On 4 July the Lok Sabha passed the Bill, PRS reported
On 12 June 2019, the Union Cabinet approved the Aadhaar and Other Laws (Amendment) Bill, 2019, The Hindu reported. The Bill allows individuals to voluntarily use their Aadhaar number as an ID with banks and telecommunications companies. The Bill will amend the Telegraph Act, 1885 and the Prevention of Money Laundering Act, 2002. It will be introduced into Parliament in its upcoming session, which starts on 17 June.
Approximately 1 year ago, the Supreme Court decided that Aadhaar could neither be linked to bank accounts nor mobile numbers. It held that the manner in which the State had introduced the mandatory linking, violated the fundamental right to privacy.
The Court struck down the mandatory bank linking for violating the right to privacy and Article 300A of the Constitution. The State had introduced mandatory bank linking by amending Rule 9 of the Prevention of Money Laundering Rules, 2005. It not only made Aadhaar mandatory for opening new bank accounts, but also for maintaining existing bank accounts. The Court found that this violated the right to privacy as it failed the test of proportionality, laid out in K.S. Puttaswamy 2017. In addition to failing the test of proportionality, the amendment to Rule 9 also violated Article 300A of the Constitution. In requiring linking for pre-existing bank accounts, the amendment deprived individuals of their property, which only legislation (and not rules) can do.
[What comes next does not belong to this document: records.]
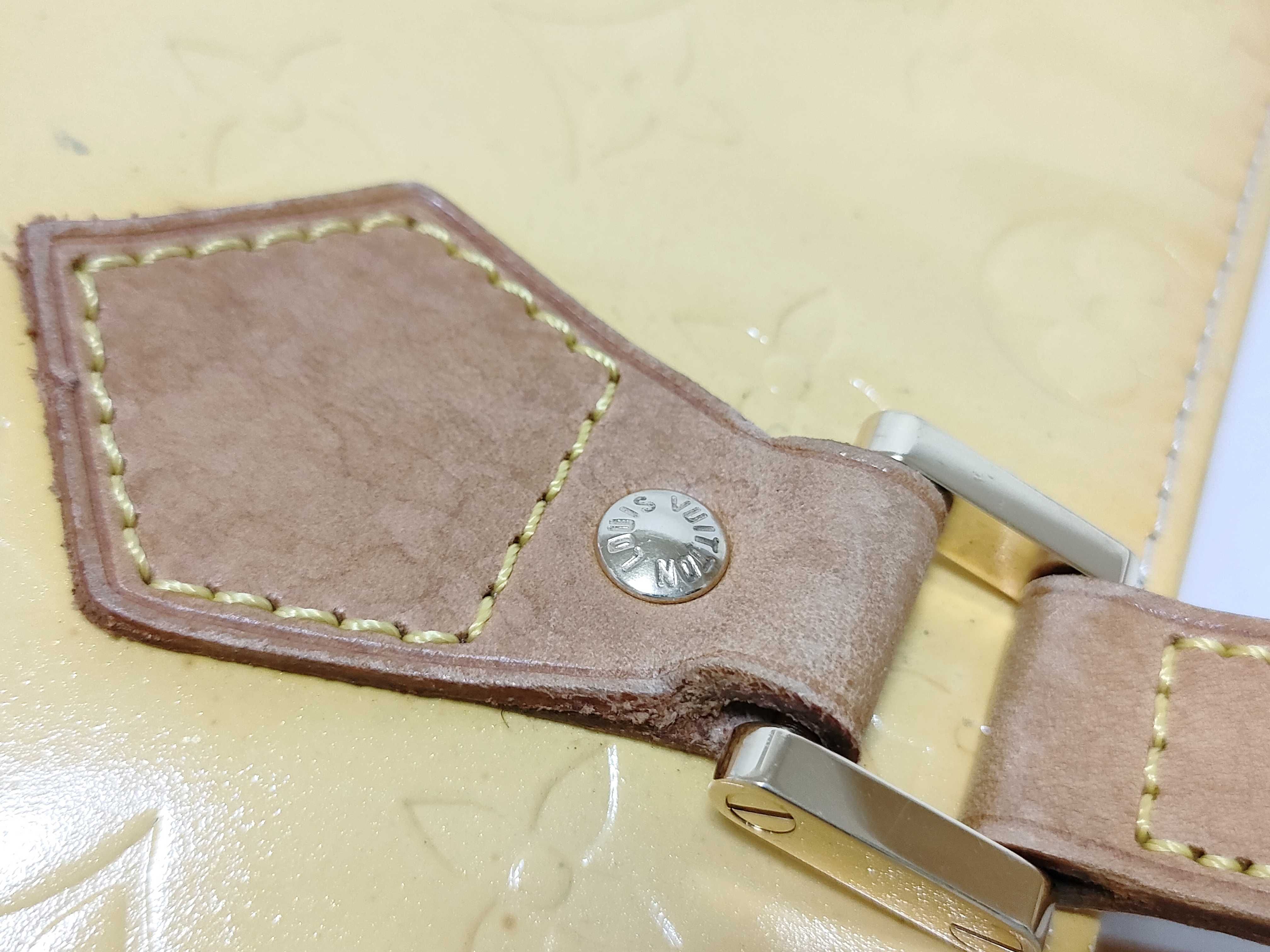 Vernis Louis Vuitton Houston Handbag — view 5
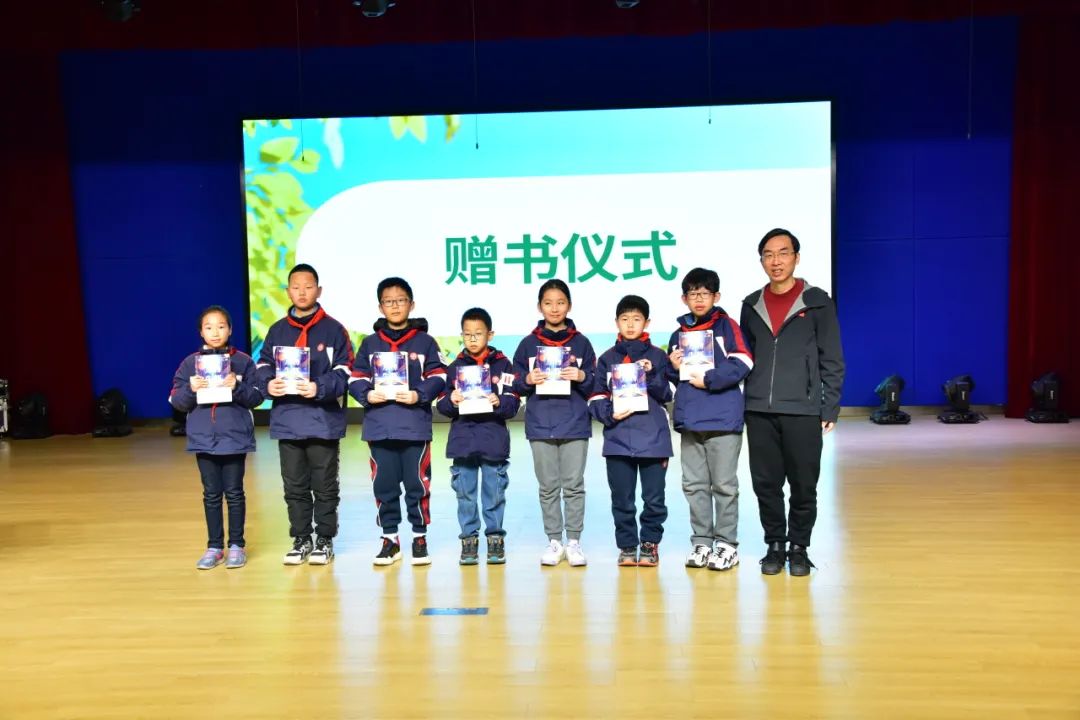 1740540548-5樊春海向学生赠书.jpg
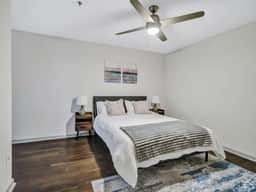 2bed•2bath Heart of Downtown w/Panoramic Views - Image 5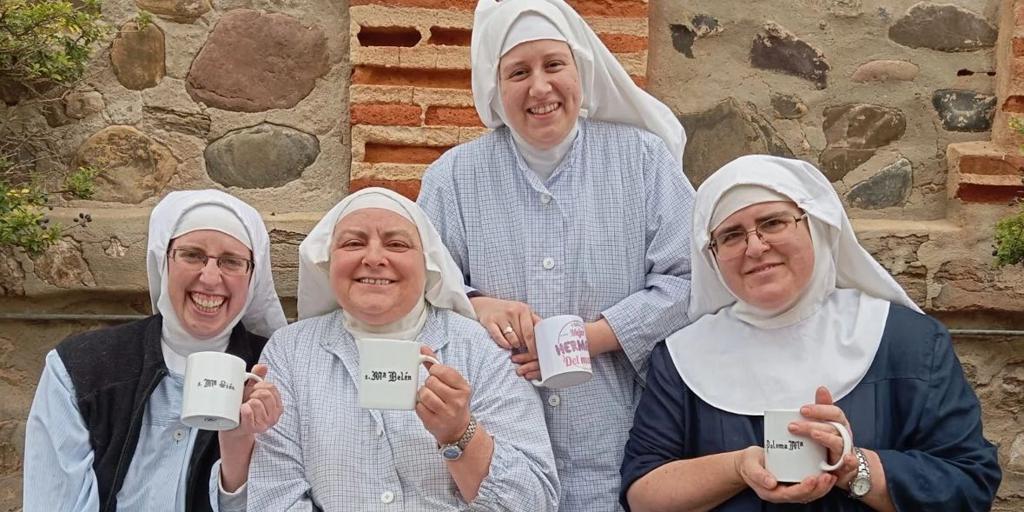 Las exmonjas de Belorado inauguran su restaurante en Asturias: «Están desbordadas con tantas reservas»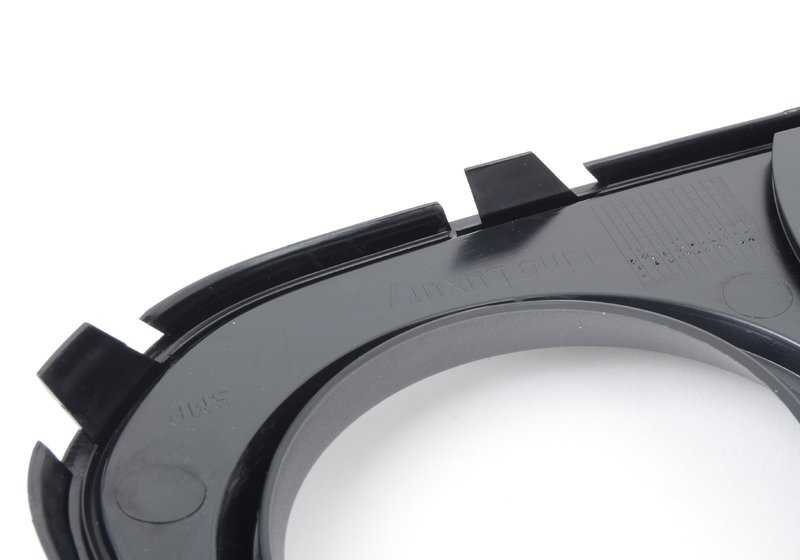 Rejilla abierta parcialmente derecha OEM 51117309622 para BMW Serie 4 F32, F33, F36 Gran Coupé. Original BMW.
Hence, the Court held that the amendment was unconstitutional.
The Court also held that the mandatory mobile linking violated the right to privacy. Further, it decided that the manner in which the mobile linking was introduced lacked backing in law. The State necessitated mobile linking via a Department of Telecommunications circular dated 23 March 2017. The circular required all licensees to reverify existing mobile subscribers through an Aadhaar based e-KYC process. The Court found that the circular was not tied to any legislation. The Court also concluded that mandatory mobile linking failed the test of proportionality, violating the right to privacy.
In its 2019 Bill, the State appears to have addressed the primary objections laid out by the Court. It has made bank and mobile linking voluntary, rather than mandatory. The Court had specifically objected to the linking for infringing upon 'voluntary nature of the scheme' (pg. 522, para 443). By introducing consent, the State appears to have circumvented the privacy violation concern. It remains to be seen whether the Bill will be challenged in court.